Its most widely reported findings showed Mitt Romney erasing Obama’s once-formidable lead with female voters in swing states, one crucial to the president’s reelection hopes. But it also found that these voters care a lot about reproductive rights. Asked to name the most important issue for women in this election, almost 40 percent said abortion. Thirty-one percent of women said the candidates’ birth control policy would be “extremely important” in influencing their vote, and on that issue, respondents favored Obama by 21 points. These numbers suggested that Obama’s best chance of reopening the gender gap lay in emphasizing Romney’s support for hardline Republican positions on contraception and abortion.
It seems a safe bet that the campaigns are looking at internal polling saying the same thing, because suddenly both candidates are working hard to win over pro-abortion rights women. For Romney, who struggled to prove his anti-abortion rights bona fides during the Republican primary, this could be tricky. But social conservatives are likely to cut him quite a bit of slack, as a Romney victory could easily mean the end of Roe v. Wade. For that long-cherished dream, it’s worth putting up with a bit of rhetorical moderation.
At the debate on Tuesday night, Obama repeatedly brought up Romney’s pledge to eliminate federal funding for Planned Parenthood, while championing his own support for the federal mandate requiring insurance coverage of birth control. In the past, Romney has been outspoken against the mandate, calling it a violation of religious liberty, but on Tuesday, he tried to make it seem as if he backed it. “I don’t believe employers should tell someone whether they could have contraceptive care or not,” he said. “Every woman in America should have access to contraceptives. And—and the—and the president’s statement of my policy is completely and totally wrong.”

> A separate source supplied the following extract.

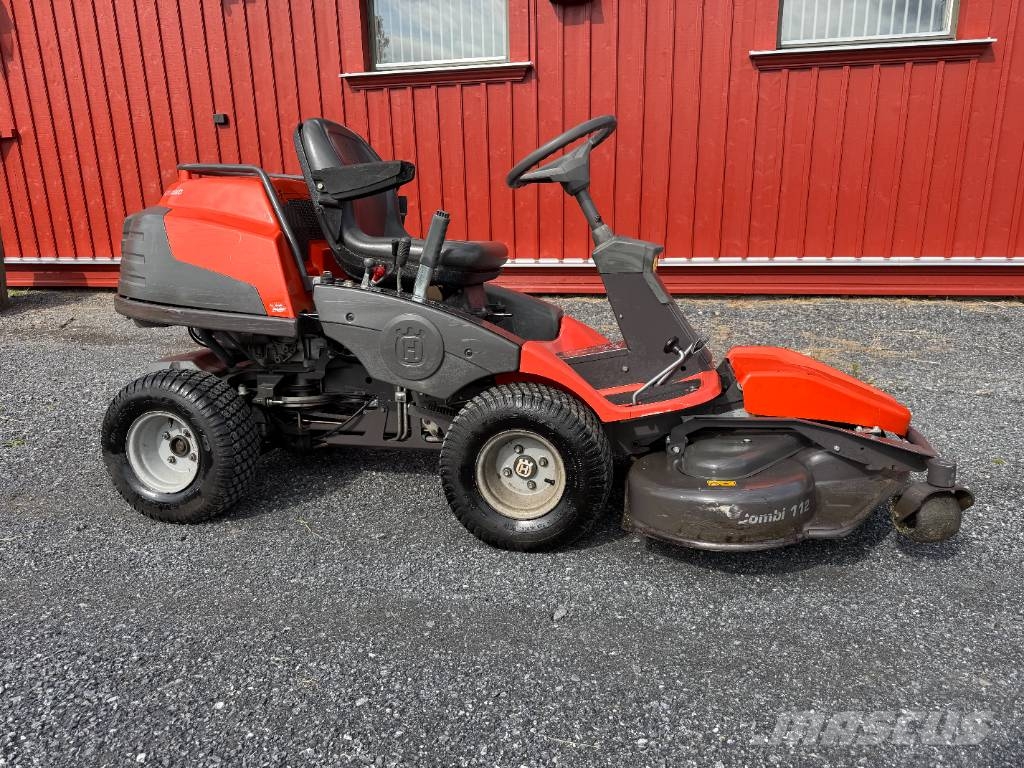 Husqvarna 4WD PF21 AWD åkgräsklippare 39.000+moms Traktorske kosilice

Then, on Wednesday, Romney’s campaign released a new ad aimed at moderate women. “You know, those ads saying Mitt Romney would ban all abortions and contraception seemed a bit extreme, so I looked into it,” says a young woman identified as Sarah Minto. “Turns out Romney doesn’t oppose contraception at all. In fact, he thinks abortion should be an option in cases of rape, incest, or to save a mother’s life.”
It isn’t the first time Romney has tried to distance himself from the absolutist anti-abortion position of his party—and his running mate. Last week, he told the Des Moines Register’s editorial board, “There’s no legislation with regards to abortion that I’m familiar with that would become part of my agenda.” That’s a pretty big turnaround from the stance he took during the primary campaign, when he published a statement titled “My Pro-Life Pledge” in National Review. In it, he promised, “[A]s president, I will support efforts to prohibit federal funding for any organization like Planned Parenthood, which primarily performs abortions or offers abortion-related services.” He also wrote that he would “advocate for and support a Pain-Capable Unborn Child Protection Act to protect unborn children who are capable of feeling pain from abortion.”
So far, Romney has been able to pivot away from such commitments because the anti-abortion rights movement, desperate to regain the White House, has been cooperative. Even before his spokeswoman walked back his comments to the Des Moines Register, leaders of the religious right were quick to absolve him. “No alarm bells here,” the Family Research Council’s Tony Perkins told Talking Points Memo. “I’m fine with his answer and he’s made it very clear he’s pro-life,” Ralph Reed told the conservative website NewsMax.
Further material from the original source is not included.